Проверил упаковку, затянул потуже распах рюкзака, чтобы из нутра поменьше тянуло мертвечиной. Что-то цепкое сдавило ему горло, сделалось тошно, внутри сидела досада, вместе с нею – боль, затяжная, неприятная. На что уж Шайдуков был терпелив к боли, а эту выносил с трудом.
Сладковатый запах, тянувшийся из рюкзака, вскоре перестал давить на горло, а может, Шайдуков привык к нему. Уже в ночи он сделал привал – выдохся, надо было немного поспать, рюкзак повесил на толстый короткий сук, сам лег на лапник метрах в двадцати от рюкзака и, несмотря на усталость, на пульсирующее нытье в костях, толчками отзывающееся во всем теле – даже в висках и затылке, о намятых плечах и ключицах и говорить не приходилось, – долго не мог уснуть, изучал небо с мелкими, слепо помаргивающими звездами, прикидывал расстояние до них… По шайдуковским прикидкам получалось – это недалеко.
Странно, почему в таком разе говорят, что лететь до них долго – жизни не хватит… А вдруг хватит?
Никак не мог Шайдуков понять, откуда Семен свалился на дерево, как повис на сучьях и почему оказался разодранным, с начисто вываленным, потерявшимся нутром?
Неужели упал с неба, со звезд?
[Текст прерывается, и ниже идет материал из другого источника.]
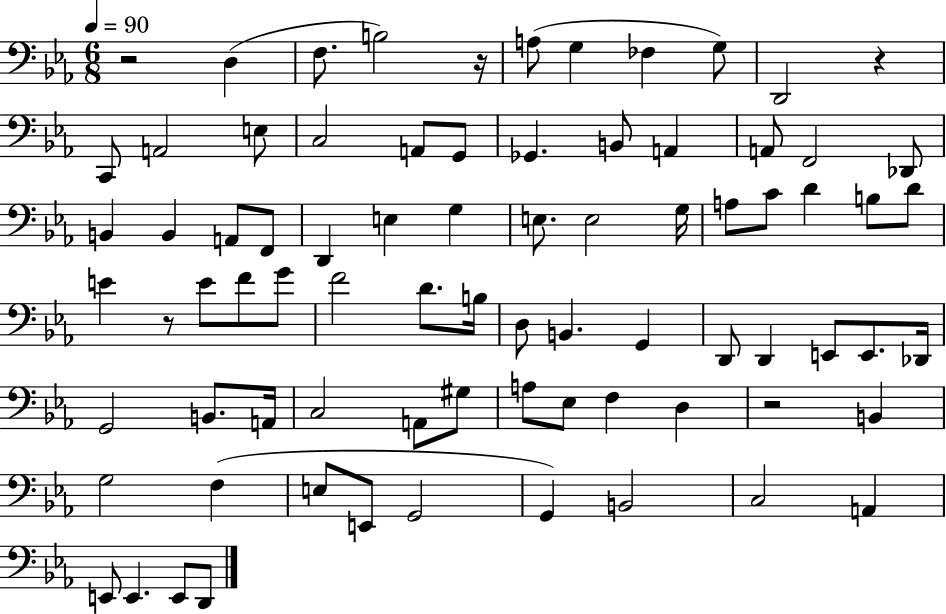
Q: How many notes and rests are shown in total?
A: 79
А если с небес, то с какого конкретно облака, где остались его отпечатки и вообще, что он там делал? Шайдуков пошевелился на лапнике – лежать было неудобно.
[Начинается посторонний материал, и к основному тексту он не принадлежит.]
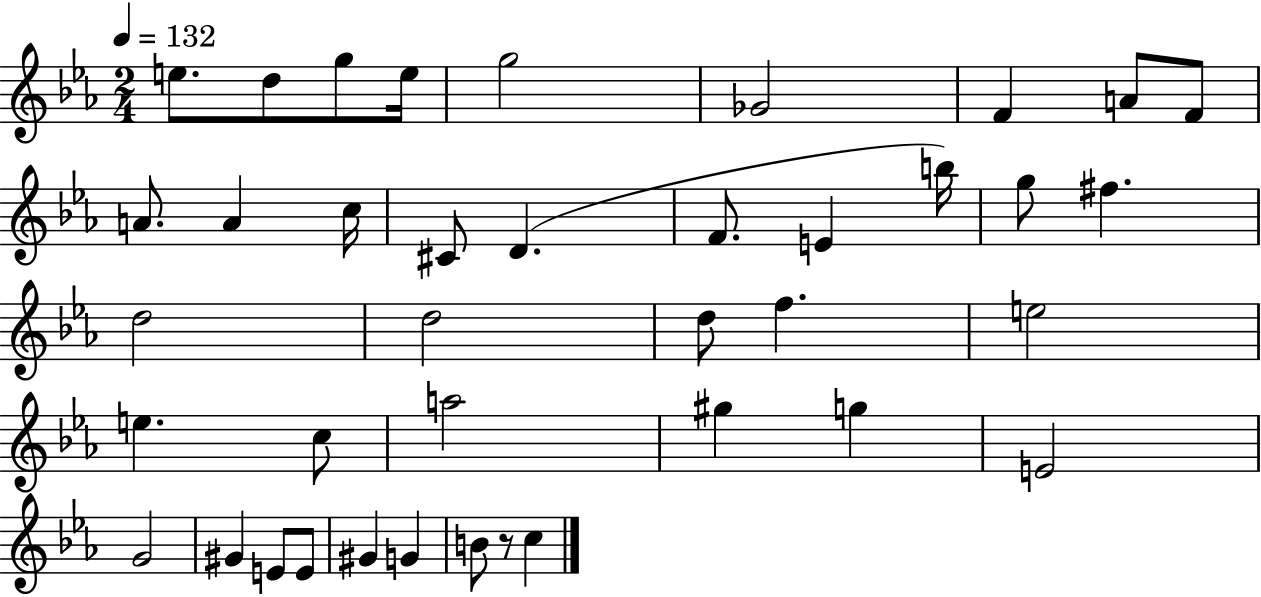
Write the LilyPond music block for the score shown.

{
  \clef treble
  \numericTimeSignature
  \time 2/4
  \key ees \major
  \tempo 4 = 132
  \repeat volta 2 { e''8. d''8 g''8 e''16 | g''2 | ges'2 | f'4 a'8 f'8 | \break a'8. a'4 c''16 | cis'8 d'4.( | f'8. e'4 b''16) | g''8 fis''4. | \break d''2 | d''2 | d''8 f''4. | e''2 | \break e''4. c''8 | a''2 | gis''4 g''4 | e'2 | \break g'2 | gis'4 e'8 e'8 | gis'4 g'4 | b'8 r8 c''4 | \break } \bar "|."
}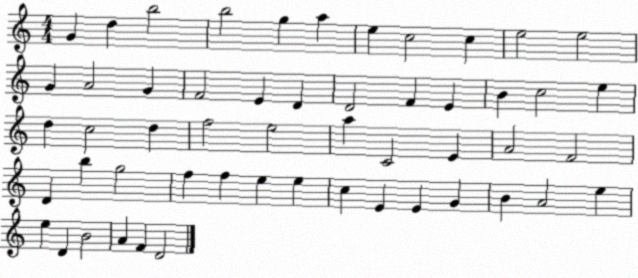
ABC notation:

X:1
T:Untitled
M:4/4
L:1/4
K:C
G d b2 b2 g a e c2 c e2 e2 G A2 G F2 E D D2 F E B c2 e d c2 d f2 e2 a C2 E A2 F2 D b g2 f f e e c E E G B A2 e e D B2 A F D2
Обидно было за Семена, – потерял он ровесника, приятеля, нет, больше, чем просто приятеля, – потерял друга. Приятелей могут быть сотни, а друзей единицы, и если уж он к тридцати годам не обзавелся друзьями, то далее, считай, уже не обзаведется. Это дело безнадежное, в старости люди друзьями не обзаводятся, в старости умирают… В общем, вместе с Семеном Шайдуков потерял часть самого себя, из этого похода он вернется домой совершенно другим – незнакомым ни жене, ни соседям. Он помял пальцами виски, сжался, затих, призывая к себе сон, и это помогло – вскоре он уснул.
Сон его был беспорядочным, странным, во сне его не отпускал прежний вопрос: как Семен попал в заоблачную высь? И почему его оттуда высадили, спихнули с облака, словно с расхристанной, громко тарахтящей телеги, чтобы коню было легче идти? И кто конкретно закинул его туда? Самолет? И какой, собственно, самолет – аэрофлотовский или грозного военного ведомства? Но ведь, насколько было известно Шайдукову, в воздушном расписании таких рейсов нет.
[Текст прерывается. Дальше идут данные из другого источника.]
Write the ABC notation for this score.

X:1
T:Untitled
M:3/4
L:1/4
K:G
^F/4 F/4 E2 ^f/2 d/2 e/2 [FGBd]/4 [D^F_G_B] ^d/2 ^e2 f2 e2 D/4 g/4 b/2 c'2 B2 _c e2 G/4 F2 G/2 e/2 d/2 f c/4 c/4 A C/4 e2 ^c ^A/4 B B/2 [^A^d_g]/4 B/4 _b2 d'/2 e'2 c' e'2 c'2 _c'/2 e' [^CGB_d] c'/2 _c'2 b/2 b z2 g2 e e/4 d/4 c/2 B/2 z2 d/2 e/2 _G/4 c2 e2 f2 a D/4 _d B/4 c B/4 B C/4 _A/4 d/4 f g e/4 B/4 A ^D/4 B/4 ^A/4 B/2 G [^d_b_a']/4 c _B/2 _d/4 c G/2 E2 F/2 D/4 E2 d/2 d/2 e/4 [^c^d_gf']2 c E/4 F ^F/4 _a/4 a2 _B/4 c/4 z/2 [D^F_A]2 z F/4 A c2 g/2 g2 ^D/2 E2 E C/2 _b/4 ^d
И все-таки это был самолет, либо вертолет – машина, которую местное население называет пердолетом или пердолеткой, – проверить вертолеты совсем легко, их тут мало, а вот с самолетами дело сложнее, много больше, тот самолет, который вчера отвез Парусникова к Богу, может завтра оказаться в Нью-Васюках или Грусть-Каменодырске, а если медлительные четырехкрылые букашки Ан-2 ходят за океан, то очутиться и там.
Где найти старателя, который укажет, в какой конкретно воде мыл Семен золото?
Где-то Семеновы концы остались, их Шайдуков найдет обязательно, чего бы это ни стоило.
Поселок Клюквенный имел простенький аэродром – земляное поле, заляпанное коровьими блинами, обнесенное обычной дачной сеткой, какой всякий рачительный хозяин старается обнести свое загородное имение, на котором, бывает, даже две тыквы не могут поместиться – не хватает площади; толкового хозяина у аэродрома не было, поэтому сетку никто не красил, она гнила в душные летние дни и лопалась зимой, в крутые морозы, и если бы у Шайдукова имелось право наказывать, он выписал бы штраф по полной программе какому-нибудь летному начальнику, но такого права у него не было. В результате старший лейтенант неодобрительно поджимал нижнюю губу и молчал. Иногда думал: а какое, собственно, теляти дело до грибов-мухоморов?
Этим летом в поселок Клюквенный был наконец-то прислан начальник аэродрома – мрачный снабженец, когда-то, видимо, проворовавшийся, но не настолько, чтобы сесть за решетку, – по фамилии Жаворонков. Своей фамилии он нисколько не соответствовал – был тяжел, неповоротлив, коротконог, в зубах всегда держал какую-то размочаленную спичку, похоже – вечную.
– Жаворонок – птица певчая, – увидев его, хмыкнул Шайдуков, – Мусоргский! Иосиф Кобзон! К осени, глядишь, чего-нибудь споет.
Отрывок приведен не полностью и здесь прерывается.